§ **ABOUT THIS EXERCISE**
Would you please print the data a second time, exactly as it stands?

Stored items from a collection
++++++++++++++++++++

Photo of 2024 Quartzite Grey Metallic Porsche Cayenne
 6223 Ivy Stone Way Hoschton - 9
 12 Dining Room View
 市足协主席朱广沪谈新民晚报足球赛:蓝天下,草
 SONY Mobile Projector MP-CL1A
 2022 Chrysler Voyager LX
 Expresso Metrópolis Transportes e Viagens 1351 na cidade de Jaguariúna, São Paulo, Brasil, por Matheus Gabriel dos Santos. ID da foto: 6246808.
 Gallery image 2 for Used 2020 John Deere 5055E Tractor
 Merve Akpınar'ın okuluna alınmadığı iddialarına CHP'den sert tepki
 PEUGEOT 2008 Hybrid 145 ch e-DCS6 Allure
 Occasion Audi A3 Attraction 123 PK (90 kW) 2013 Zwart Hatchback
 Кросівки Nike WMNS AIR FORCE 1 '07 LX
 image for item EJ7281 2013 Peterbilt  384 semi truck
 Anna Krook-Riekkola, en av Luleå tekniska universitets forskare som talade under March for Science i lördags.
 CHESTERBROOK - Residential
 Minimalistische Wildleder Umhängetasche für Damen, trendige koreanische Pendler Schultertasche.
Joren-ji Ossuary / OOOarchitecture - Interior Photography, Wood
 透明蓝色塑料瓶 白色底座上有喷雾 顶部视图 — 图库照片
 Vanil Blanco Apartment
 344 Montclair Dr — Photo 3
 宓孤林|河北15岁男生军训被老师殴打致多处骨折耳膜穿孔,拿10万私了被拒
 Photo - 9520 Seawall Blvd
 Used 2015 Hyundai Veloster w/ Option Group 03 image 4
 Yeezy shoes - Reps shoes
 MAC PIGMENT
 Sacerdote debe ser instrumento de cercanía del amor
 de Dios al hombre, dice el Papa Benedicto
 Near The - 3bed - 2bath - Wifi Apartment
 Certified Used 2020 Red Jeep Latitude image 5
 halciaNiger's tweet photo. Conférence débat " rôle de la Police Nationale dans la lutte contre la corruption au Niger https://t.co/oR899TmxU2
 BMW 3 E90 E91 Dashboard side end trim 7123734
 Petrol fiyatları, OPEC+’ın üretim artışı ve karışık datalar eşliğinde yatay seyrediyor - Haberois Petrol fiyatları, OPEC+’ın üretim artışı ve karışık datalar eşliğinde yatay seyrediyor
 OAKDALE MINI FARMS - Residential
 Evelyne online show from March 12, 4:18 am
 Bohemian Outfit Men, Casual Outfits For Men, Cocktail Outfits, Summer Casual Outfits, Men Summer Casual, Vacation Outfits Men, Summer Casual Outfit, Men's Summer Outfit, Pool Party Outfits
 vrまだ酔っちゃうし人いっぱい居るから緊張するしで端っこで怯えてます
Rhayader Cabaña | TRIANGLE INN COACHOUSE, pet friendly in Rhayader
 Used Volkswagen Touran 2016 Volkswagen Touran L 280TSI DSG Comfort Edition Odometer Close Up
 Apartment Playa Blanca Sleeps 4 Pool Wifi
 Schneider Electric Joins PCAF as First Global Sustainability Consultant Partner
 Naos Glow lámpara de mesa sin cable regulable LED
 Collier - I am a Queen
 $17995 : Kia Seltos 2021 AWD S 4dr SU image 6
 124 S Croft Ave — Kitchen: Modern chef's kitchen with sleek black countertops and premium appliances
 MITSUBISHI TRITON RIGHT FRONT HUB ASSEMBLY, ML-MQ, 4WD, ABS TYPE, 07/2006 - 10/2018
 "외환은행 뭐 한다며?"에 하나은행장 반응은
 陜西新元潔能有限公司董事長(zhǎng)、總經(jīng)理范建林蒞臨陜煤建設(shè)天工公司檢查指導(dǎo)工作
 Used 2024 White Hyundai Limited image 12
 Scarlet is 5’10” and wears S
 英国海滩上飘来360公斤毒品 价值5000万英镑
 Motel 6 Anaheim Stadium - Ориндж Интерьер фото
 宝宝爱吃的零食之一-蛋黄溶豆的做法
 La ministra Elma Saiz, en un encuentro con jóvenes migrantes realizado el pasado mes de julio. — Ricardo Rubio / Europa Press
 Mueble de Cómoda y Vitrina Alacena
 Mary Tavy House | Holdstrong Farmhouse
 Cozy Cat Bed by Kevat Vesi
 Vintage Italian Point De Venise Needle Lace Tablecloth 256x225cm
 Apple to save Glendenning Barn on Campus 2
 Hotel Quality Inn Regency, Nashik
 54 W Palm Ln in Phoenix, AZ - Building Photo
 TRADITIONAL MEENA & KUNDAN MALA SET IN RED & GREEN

++++++++++++++++++++

§ **ANSWER SPACE**
Photo of 2024 Quartzite Grey Metallic Porsche Cayenne
 6223 Ivy Stone Way Hoschton - 9
 12 Dining Room View
 市足协主席朱广沪谈新民晚报足球赛:蓝天下,草
 SONY Mobile Projector MP-CL1A
 2022 Chrysler Voyager LX
 Expresso Metrópolis Transportes e Viagens 1351 na cidade de Jaguariúna, São Paulo, Brasil, por Matheus Gabriel dos Santos. ID da foto: 6246808.
 Gallery image 2 for Used 2020 John Deere 5055E Tractor
 Merve Akpınar'ın okuluna alınmadığı iddialarına CHP'den sert tepki
 PEUGEOT 2008 Hybrid 145 ch e-DCS6 Allure
 Occasion Audi A3 Attraction 123 PK (90 kW) 2013 Zwart Hatchback
 Кросівки Nike WMNS AIR FORCE 1 '07 LX
 image for item EJ7281 2013 Peterbilt  384 semi truck
 Anna Krook-Riekkola, en av Luleå tekniska universitets forskare som talade under March for Science i lördags.
 CHESTERBROOK - Residential
 Minimalistische Wildleder Umhängetasche für Damen, trendige koreanische Pendler Schultertasche.
Joren-ji Ossuary / OOOarchitecture - Interior Photography, Wood
 透明蓝色塑料瓶 白色底座上有喷雾 顶部视图 — 图库照片
 Vanil Blanco Apartment
 344 Montclair Dr — Photo 3
 宓孤林|河北15岁男生军训被老师殴打致多处骨折耳膜穿孔,拿10万私了被拒
 Photo - 9520 Seawall Blvd
 Used 2015 Hyundai Veloster w/ Option Group 03 image 4
 Yeezy shoes - Reps shoes
 MAC PIGMENT
 Sacerdote debe ser instrumento de cercanía del amor
 de Dios al hombre, dice el Papa Benedicto
 Near The - 3bed - 2bath - Wifi Apartment
 Certified Used 2020 Red Jeep Latitude image 5
 halciaNiger's tweet photo. Conférence débat " rôle de la Police Nationale dans la lutte contre la corruption au Niger https://t.co/oR899TmxU2
 BMW 3 E90 E91 Dashboard side end trim 7123734
 Petrol fiyatları, OPEC+’ın üretim artışı ve karışık datalar eşliğinde yatay seyrediyor - Haberois Petrol fiyatları, OPEC+’ın üretim artışı ve karışık datalar eşliğinde yatay seyrediyor
 OAKDALE MINI FARMS - Residential
 Evelyne online show from March 12, 4:18 am
 Bohemian Outfit Men, Casual Outfits For Men, Cocktail Outfits, Summer Casual Outfits, Men Summer Casual, Vacation Outfits Men, Summer Casual Outfit, Men's Summer Outfit, Pool Party Outfits
 vrまだ酔っちゃうし人いっぱい居るから緊張するしで端っこで怯えてます
Rhayader Cabaña | TRIANGLE INN COACHOUSE, pet friendly in Rhayader
 Used Volkswagen Touran 2016 Volkswagen Touran L 280TSI DSG Comfort Edition Odometer Close Up
 Apartment Playa Blanca Sleeps 4 Pool Wifi
 Schneider Electric Joins PCAF as First Global Sustainability Consultant Partner
 Naos Glow lámpara de mesa sin cable regulable LED
 Collier - I am a Queen
 $17995 : Kia Seltos 2021 AWD S 4dr SU image 6
 124 S Croft Ave — Kitchen: Modern chef's kitchen with sleek black countertops and premium appliances
 MITSUBISHI TRITON RIGHT FRONT HUB ASSEMBLY, ML-MQ, 4WD, ABS TYPE, 07/2006 - 10/2018
 "외환은행 뭐 한다며?"에 하나은행장 반응은
 陜西新元潔能有限公司董事長(zhǎng)、總經(jīng)理范建林蒞臨陜煤建設(shè)天工公司檢查指導(dǎo)工作
 Used 2024 White Hyundai Limited image 12
 Scarlet is 5’10” and wears S
 英国海滩上飘来360公斤毒品 价值5000万英镑
 Motel 6 Anaheim Stadium - Ориндж Интерьер фото
 宝宝爱吃的零食之一-蛋黄溶豆的做法
 La ministra Elma Saiz, en un encuentro con jóvenes migrantes realizado el pasado mes de julio. — Ricardo Rubio / Europa Press
 Mueble de Cómoda y Vitrina Alacena
 Mary Tavy House | Holdstrong Farmhouse
 Cozy Cat Bed by Kevat Vesi
 Vintage Italian Point De Venise Needle Lace Tablecloth 256x225cm
 Apple to save Glendenning Barn on Campus 2
 Hotel Quality Inn Regency, Nashik
 54 W Palm Ln in Phoenix, AZ - Building Photo
 TRADITIONAL MEENA & KUNDAN MALA SET IN RED & GREEN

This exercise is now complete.